Data to process below:

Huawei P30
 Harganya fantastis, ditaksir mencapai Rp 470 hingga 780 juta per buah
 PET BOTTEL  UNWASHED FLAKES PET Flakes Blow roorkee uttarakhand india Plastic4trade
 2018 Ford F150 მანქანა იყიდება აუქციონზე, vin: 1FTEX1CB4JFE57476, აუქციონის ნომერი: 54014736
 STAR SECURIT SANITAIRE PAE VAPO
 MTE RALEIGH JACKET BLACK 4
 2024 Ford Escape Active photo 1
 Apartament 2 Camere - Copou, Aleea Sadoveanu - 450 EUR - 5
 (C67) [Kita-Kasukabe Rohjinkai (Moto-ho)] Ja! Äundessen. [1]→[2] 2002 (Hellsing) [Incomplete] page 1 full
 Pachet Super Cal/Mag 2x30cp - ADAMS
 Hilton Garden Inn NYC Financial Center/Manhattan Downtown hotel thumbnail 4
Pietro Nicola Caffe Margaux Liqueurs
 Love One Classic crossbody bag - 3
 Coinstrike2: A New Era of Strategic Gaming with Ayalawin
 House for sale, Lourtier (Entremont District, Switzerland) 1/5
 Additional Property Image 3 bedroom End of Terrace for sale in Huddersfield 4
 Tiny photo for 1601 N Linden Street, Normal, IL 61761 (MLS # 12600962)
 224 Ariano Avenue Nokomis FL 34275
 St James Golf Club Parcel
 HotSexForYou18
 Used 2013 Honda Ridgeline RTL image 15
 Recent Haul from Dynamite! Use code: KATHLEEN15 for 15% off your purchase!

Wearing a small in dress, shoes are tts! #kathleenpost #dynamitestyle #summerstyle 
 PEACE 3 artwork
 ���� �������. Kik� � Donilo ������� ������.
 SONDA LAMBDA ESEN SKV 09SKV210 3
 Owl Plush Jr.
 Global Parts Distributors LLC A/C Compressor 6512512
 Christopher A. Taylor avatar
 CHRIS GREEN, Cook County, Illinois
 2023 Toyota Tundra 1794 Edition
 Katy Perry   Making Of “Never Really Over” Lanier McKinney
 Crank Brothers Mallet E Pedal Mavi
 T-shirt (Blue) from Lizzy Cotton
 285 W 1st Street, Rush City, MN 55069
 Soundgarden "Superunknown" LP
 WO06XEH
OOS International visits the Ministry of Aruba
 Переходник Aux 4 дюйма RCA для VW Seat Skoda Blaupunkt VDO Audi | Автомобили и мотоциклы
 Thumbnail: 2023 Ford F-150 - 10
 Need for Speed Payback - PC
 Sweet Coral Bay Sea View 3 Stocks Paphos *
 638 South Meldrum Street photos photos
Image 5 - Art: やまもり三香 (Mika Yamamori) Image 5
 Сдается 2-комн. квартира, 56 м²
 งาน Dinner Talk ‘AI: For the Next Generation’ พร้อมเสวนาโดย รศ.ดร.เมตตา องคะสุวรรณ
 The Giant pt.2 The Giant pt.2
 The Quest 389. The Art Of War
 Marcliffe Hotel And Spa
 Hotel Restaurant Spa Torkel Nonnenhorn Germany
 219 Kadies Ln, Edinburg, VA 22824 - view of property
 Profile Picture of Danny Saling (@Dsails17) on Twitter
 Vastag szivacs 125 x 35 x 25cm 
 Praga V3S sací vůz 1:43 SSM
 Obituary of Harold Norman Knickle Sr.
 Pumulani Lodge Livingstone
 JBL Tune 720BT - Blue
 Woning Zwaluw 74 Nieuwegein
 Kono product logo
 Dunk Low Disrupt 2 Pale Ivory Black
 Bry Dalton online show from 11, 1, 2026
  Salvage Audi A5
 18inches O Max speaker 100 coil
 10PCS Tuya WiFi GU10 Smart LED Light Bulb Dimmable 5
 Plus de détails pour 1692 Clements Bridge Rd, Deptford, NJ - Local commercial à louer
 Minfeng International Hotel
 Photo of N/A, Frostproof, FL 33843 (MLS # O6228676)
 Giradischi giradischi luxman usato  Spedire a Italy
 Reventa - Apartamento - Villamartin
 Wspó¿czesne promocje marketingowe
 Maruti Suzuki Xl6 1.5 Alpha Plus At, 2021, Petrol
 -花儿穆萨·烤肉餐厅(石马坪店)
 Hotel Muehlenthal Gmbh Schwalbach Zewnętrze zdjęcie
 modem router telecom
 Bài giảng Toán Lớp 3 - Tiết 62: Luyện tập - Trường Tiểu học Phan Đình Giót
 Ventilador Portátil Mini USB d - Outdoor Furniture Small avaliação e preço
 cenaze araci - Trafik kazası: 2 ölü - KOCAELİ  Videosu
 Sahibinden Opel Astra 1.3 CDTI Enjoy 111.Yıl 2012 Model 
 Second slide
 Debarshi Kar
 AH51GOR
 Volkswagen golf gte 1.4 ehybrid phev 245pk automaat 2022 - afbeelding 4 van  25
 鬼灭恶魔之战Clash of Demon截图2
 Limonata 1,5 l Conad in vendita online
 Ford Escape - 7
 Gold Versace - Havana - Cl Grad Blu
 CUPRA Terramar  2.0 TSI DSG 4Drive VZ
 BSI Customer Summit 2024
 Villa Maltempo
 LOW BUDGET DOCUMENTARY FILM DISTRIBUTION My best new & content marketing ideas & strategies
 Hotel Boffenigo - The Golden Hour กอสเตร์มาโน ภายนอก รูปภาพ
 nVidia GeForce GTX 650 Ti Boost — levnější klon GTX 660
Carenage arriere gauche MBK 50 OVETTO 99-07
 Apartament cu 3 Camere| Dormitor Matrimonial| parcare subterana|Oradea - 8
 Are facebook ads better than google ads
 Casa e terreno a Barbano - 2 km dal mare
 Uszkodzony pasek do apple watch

End of Data to process.

Exercise description —
Give the data back exactly as it stands.

Expected output —
Huawei P30
 Harganya fantastis, ditaksir mencapai Rp 470 hingga 780 juta per buah
 PET BOTTEL  UNWASHED FLAKES PET Flakes Blow roorkee uttarakhand india Plastic4trade
 2018 Ford F150 მანქანა იყიდება აუქციონზე, vin: 1FTEX1CB4JFE57476, აუქციონის ნომერი: 54014736
 STAR SECURIT SANITAIRE PAE VAPO
 MTE RALEIGH JACKET BLACK 4
 2024 Ford Escape Active photo 1
 Apartament 2 Camere - Copou, Aleea Sadoveanu - 450 EUR - 5
 (C67) [Kita-Kasukabe Rohjinkai (Moto-ho)] Ja! Äundessen. [1]→[2] 2002 (Hellsing) [Incomplete] page 1 full
 Pachet Super Cal/Mag 2x30cp - ADAMS
 Hilton Garden Inn NYC Financial Center/Manhattan Downtown hotel thumbnail 4
Pietro Nicola Caffe Margaux Liqueurs
 Love One Classic crossbody bag - 3
 Coinstrike2: A New Era of Strategic Gaming with Ayalawin
 House for sale, Lourtier (Entremont District, Switzerland) 1/5
 Additional Property Image 3 bedroom End of Terrace for sale in Huddersfield 4
 Tiny photo for 1601 N Linden Street, Normal, IL 61761 (MLS # 12600962)
 224 Ariano Avenue Nokomis FL 34275
 St James Golf Club Parcel
 HotSexForYou18
 Used 2013 Honda Ridgeline RTL image 15
 Recent Haul from Dynamite! Use code: KATHLEEN15 for 15% off your purchase!

Wearing a small in dress, shoes are tts! #kathleenpost #dynamitestyle #summerstyle 
 PEACE 3 artwork
 ���� �������. Kik� � Donilo ������� ������.
 SONDA LAMBDA ESEN SKV 09SKV210 3
 Owl Plush Jr.
 Global Parts Distributors LLC A/C Compressor 6512512
 Christopher A. Taylor avatar
 CHRIS GREEN, Cook County, Illinois
 2023 Toyota Tundra 1794 Edition
 Katy Perry   Making Of “Never Really Over” Lanier McKinney
 Crank Brothers Mallet E Pedal Mavi
 T-shirt (Blue) from Lizzy Cotton
 285 W 1st Street, Rush City, MN 55069
 Soundgarden "Superunknown" LP
 WO06XEH
OOS International visits the Ministry of Aruba
 Переходник Aux 4 дюйма RCA для VW Seat Skoda Blaupunkt VDO Audi | Автомобили и мотоциклы
 Thumbnail: 2023 Ford F-150 - 10
 Need for Speed Payback - PC
 Sweet Coral Bay Sea View 3 Stocks Paphos *
 638 South Meldrum Street photos photos
Image 5 - Art: やまもり三香 (Mika Yamamori) Image 5
 Сдается 2-комн. квартира, 56 м²
 งาน Dinner Talk ‘AI: For the Next Generation’ พร้อมเสวนาโดย รศ.ดร.เมตตา องคะสุวรรณ
 The Giant pt.2 The Giant pt.2
 The Quest 389. The Art Of War
 Marcliffe Hotel And Spa
 Hotel Restaurant Spa Torkel Nonnenhorn Germany
 219 Kadies Ln, Edinburg, VA 22824 - view of property
 Profile Picture of Danny Saling (@Dsails17) on Twitter
 Vastag szivacs 125 x 35 x 25cm 
 Praga V3S sací vůz 1:43 SSM
 Obituary of Harold Norman Knickle Sr.
 Pumulani Lodge Livingstone
 JBL Tune 720BT - Blue
 Woning Zwaluw 74 Nieuwegein
 Kono product logo
 Dunk Low Disrupt 2 Pale Ivory Black
 Bry Dalton online show from 11, 1, 2026
  Salvage Audi A5
 18inches O Max speaker 100 coil
 10PCS Tuya WiFi GU10 Smart LED Light Bulb Dimmable 5
 Plus de détails pour 1692 Clements Bridge Rd, Deptford, NJ - Local commercial à louer
 Minfeng International Hotel
 Photo of N/A, Frostproof, FL 33843 (MLS # O6228676)
 Giradischi giradischi luxman usato  Spedire a Italy
 Reventa - Apartamento - Villamartin
 Wspó¿czesne promocje marketingowe
 Maruti Suzuki Xl6 1.5 Alpha Plus At, 2021, Petrol
 -花儿穆萨·烤肉餐厅(石马坪店)
 Hotel Muehlenthal Gmbh Schwalbach Zewnętrze zdjęcie
 modem router telecom
 Bài giảng Toán Lớp 3 - Tiết 62: Luyện tập - Trường Tiểu học Phan Đình Giót
 Ventilador Portátil Mini USB d - Outdoor Furniture Small avaliação e preço
 cenaze araci - Trafik kazası: 2 ölü - KOCAELİ  Videosu
 Sahibinden Opel Astra 1.3 CDTI Enjoy 111.Yıl 2012 Model 
 Second slide
 Debarshi Kar
 AH51GOR
 Volkswagen golf gte 1.4 ehybrid phev 245pk automaat 2022 - afbeelding 4 van  25
 鬼灭恶魔之战Clash of Demon截图2
 Limonata 1,5 l Conad in vendita online
 Ford Escape - 7
 Gold Versace - Havana - Cl Grad Blu
 CUPRA Terramar  2.0 TSI DSG 4Drive VZ
 BSI Customer Summit 2024
 Villa Maltempo
 LOW BUDGET DOCUMENTARY FILM DISTRIBUTION My best new & content marketing ideas & strategies
 Hotel Boffenigo - The Golden Hour กอสเตร์มาโน ภายนอก รูปภาพ
 nVidia GeForce GTX 650 Ti Boost — levnější klon GTX 660
Carenage arriere gauche MBK 50 OVETTO 99-07
 Apartament cu 3 Camere| Dormitor Matrimonial| parcare subterana|Oradea - 8
 Are facebook ads better than google ads
 Casa e terreno a Barbano - 2 km dal mare
 Uszkodzony pasek do apple watch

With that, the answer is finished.